If counsel meets all of the above obligations, "it then becomes the responsibility of the reviewing court to make a full examination of the proceedings and make an independent judgment to decide whether the appeal is in fact wholly frivolous." Santiago, 978 A.2d at 355 n.5; see also Commonwealth v. Yorgey, 188 A.3d 1190, 1197 (Pa. Super. 2018) (en banc) (holding that the Anders procedure requires this Court to review "the entire record with consideration first of the issues raised by counsel. ... [T]his review does not require this Court to act as counsel or otherwise advocate on behalf of a party. Rather, it requires us only to conduct a review of the record to ascertain if[,] on its face, there are non-frivolous issues that counsel, intentionally or not, missed or misstated. We need not analyze those issues of arguable merit; just identify them, deny the motion to withdraw, and order counsel to analyze them"). It is only when all of the procedural and substantive requirements are satisfied that counsel will be permitted to withdraw.
In the case at bar, counsel complied with all of the above procedural obligations. We must, therefore, review the entire record and analyze whether this appeal is, in fact, wholly frivolous. Our analysis begins with the claims raised in the Anders brief, which are as follows:
1. Whether the sentencing court imposed unwarranted harsh and excessive sentences of [one] to [two] years on each of the [] offenses?
2. Whether the sentencing court erred when it imposed consecutive sentences rather than concurrent sentences?Anders Brief at 4.
Appellant's claims implicate the discretionary aspects of his sentence. First, Appellant claims that the trial court imposed "harsh and excessive sentences[.]" Id. at 10. Next, Appellant challenges the trial court's decision to run his sentences consecutively, rather than concurrently. Id. This Court previously explained:
It is well-settled that "the right to appeal a discretionary aspect of sentence is not absolute." Commonwealth v. Dunphy, 20 A.3d 1215, 1220 (Pa. Super. 2011). Rather, where an appellant challenges the discretionary aspects of a sentence, we should regard his[, or her,] appeal as a petition for allowance of appeal.

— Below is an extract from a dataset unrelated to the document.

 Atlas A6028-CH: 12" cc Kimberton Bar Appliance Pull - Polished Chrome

Commonwealth v. W.H.M., 932 A.2d 155, 162 (Pa. Super. 2007). As we stated in Commonwealth v. Moury, 992 A.2d 162 (Pa. Super. 2010):
An appellant challenging the discretionary aspects of his[, or her,] sentence must invoke this Court's jurisdiction by satisfying a four-part test:
We conduct a four-part analysis to determine: (1) whether appellant [] filed a timely notice of appeal, see Pa.R.A.P. 902 and 903; (2) whether the issue was properly preserved at sentencing or in a motion to reconsider and modify sentence, see Pa.R.Crim.P. 720; (3) whether appellant's brief has a fatal defect, [see] Pa.R.A.P. 2119(f); and (4) whether there is a substantial question that the sentence appealed from is not appropriate under the Sentencing Code, 42 Pa.C.S.A. § 9781(b).

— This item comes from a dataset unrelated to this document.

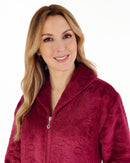 Housecoat - Raspberry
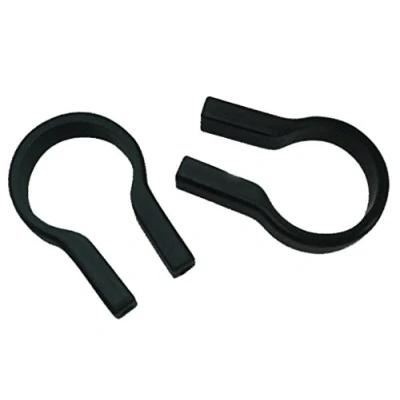 Abbildung von KlickFix Unisex Snelle vervanging Schellen, Schwarz, One Size, Pack of 2 EU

[Moury, 992 A.2d] at 170 [(citation omitted)]. We evaluate on a case-by-case basis whether a particular issue constitutes a substantial question about the appropriateness of sentence. Commonwealth v. Kenner, 784 A.2d 808, 811 (Pa. Super. 2001).Commonwealth v. Hill, 210 A.3d 1104, 1116 (Pa. Super. 2019) (original brackets omitted). If an appellant fails to raise a challenge to the discretionary aspects of a sentence either by presenting a claim to the trial court at the time of sentencing or in a post-sentence motion, then the appellant's challenge is considered waived. Commonwealth v. Lamonda, 52 A.3d 365, 371 (Pa. Super. 2012) (en banc) (citation omitted), appeal denied, 75 A.3d 1281 (Pa. 2013). A substantial question exists when an appellant presents a colorable argument that the sentence imposed is either (1) "inconsistent with a specific provision of the sentencing code" or (2) is "contrary to the fundamental norms which underlie the sentencing process." Commonwealth v. Mastromarino, 2 A.3d 581, 585 (Pa. Super. 2010), appeal denied, 14 A.3d 825 (Pa. 2011).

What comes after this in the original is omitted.